The directory contains scripts numbered to indicate the order they should be run in, a directory to store the results, and a summary of the results.
output
01_format_phenotypes.R
02_kruskall_wallis_gwas.sh
results_summary.md
02_kruskall_wallis_gwas.sh
is a SLURM submission script that calls 01 format_phenotypes.R
internally and saves the output to the folder output
. The results summary file might look something like this
# 017_kruskal-wallis-gwas
**Date:** 26th March 2021s
**Author:** Tom Ellis
## Background
The four cohorts are non-random with respect to geography and kinship.
Also, GWAS plots using a kinship matrix seem to still show inflation, which I don't have an answer for.
To check whether something funky is happening, run GWAS without a K-matrix or defining a response distribution at all.
## What did you do?
- `format_phenotypes.R` makes separate CSV files for ancestral and evolved viruses. It also creates files for the same, but removing accessions with the top necrosis hit.
- `kruskall_wallis_gwas.sh` runs GWA on these data without data transformation and without a K-matrix
## Main conclusion
- Both evolved and ancestral strains give a peak where you expect at Chr2:5923326.
- When you remove accessions with the top hit there is a suggestion that something else crops up a bit further down Chr2
## Caveats
The output of PyGWAS won't upload to GWASviewer, which is odd because they were written by the same person.
## Follow-up
Repeat GWA but condition on the major association on Chr2.</nowiki>
Reports
A folder to store scientific reports.
This is intended for times when you need to synthesise several results from your results folder into a single document, such as for a progress report or to summarise things to external collaborators. It is not the same as a manuscript.
Presentations
A folder to store files for presentations, which will usually cover multiple results. You would probably make a separate subfolder for each presentation.
Manuscript
From friends in other groups you may have heard tell of the legend of a mystical dreamland where projects are “finished” and ready for publication.
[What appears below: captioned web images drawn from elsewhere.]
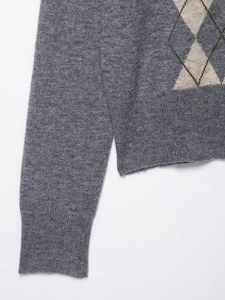 Detail of argyle knit cardigan showing grey diamond pattern and ribbed cuffs texture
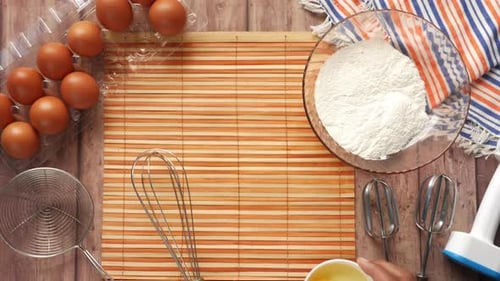 Baking Ingredients on a Wooden Board Top View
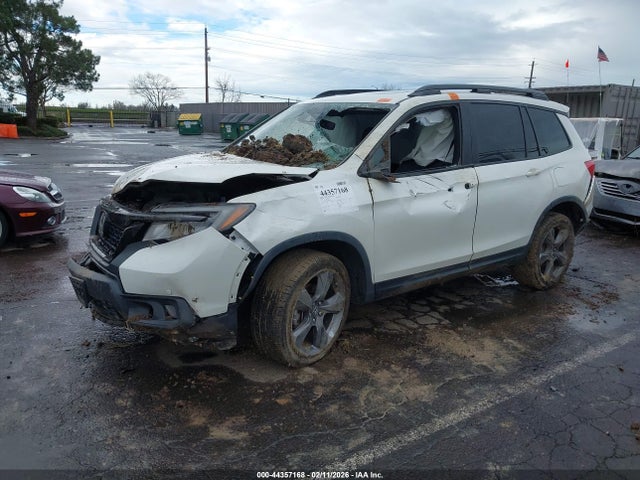 5FNYF8H9XKB017556 Honda Passport Touring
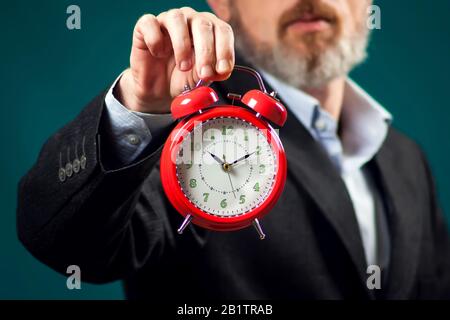 Bärtiger Geschäftsmann im Anzug mit rotem Wecker. Zeitmanagement Konzept Stockfoto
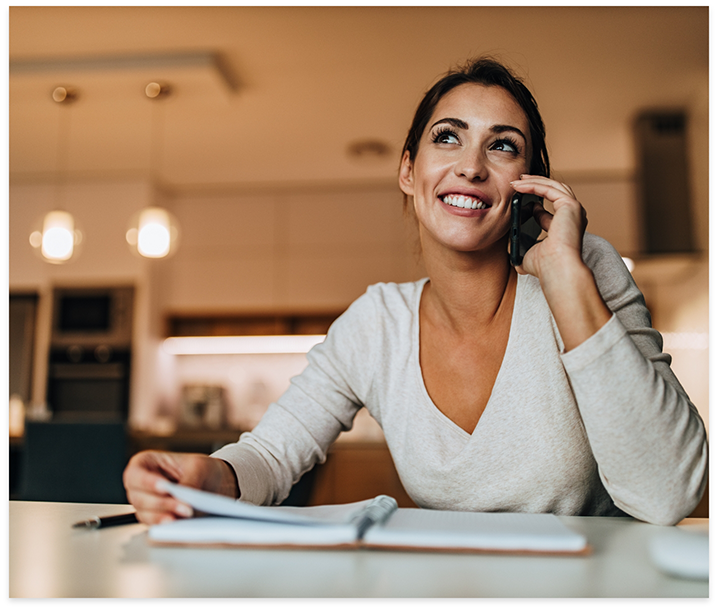 Smiling woman talking on phone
You know not whether this can be true, only that the road to get here has been long, and many a grey hair has accumulated atop your worried brow.
At this point it is probably worth taking time to review what you have done so far and what actually needs to go into a paper, and to create a fresh folder just to present the code and data for the manuscript. That might be a completely new folder, especially if you need to synthesise data from more than one existing project folder. If the manuscript will be based only on things in one existing project folder, then it would make sense to put it here.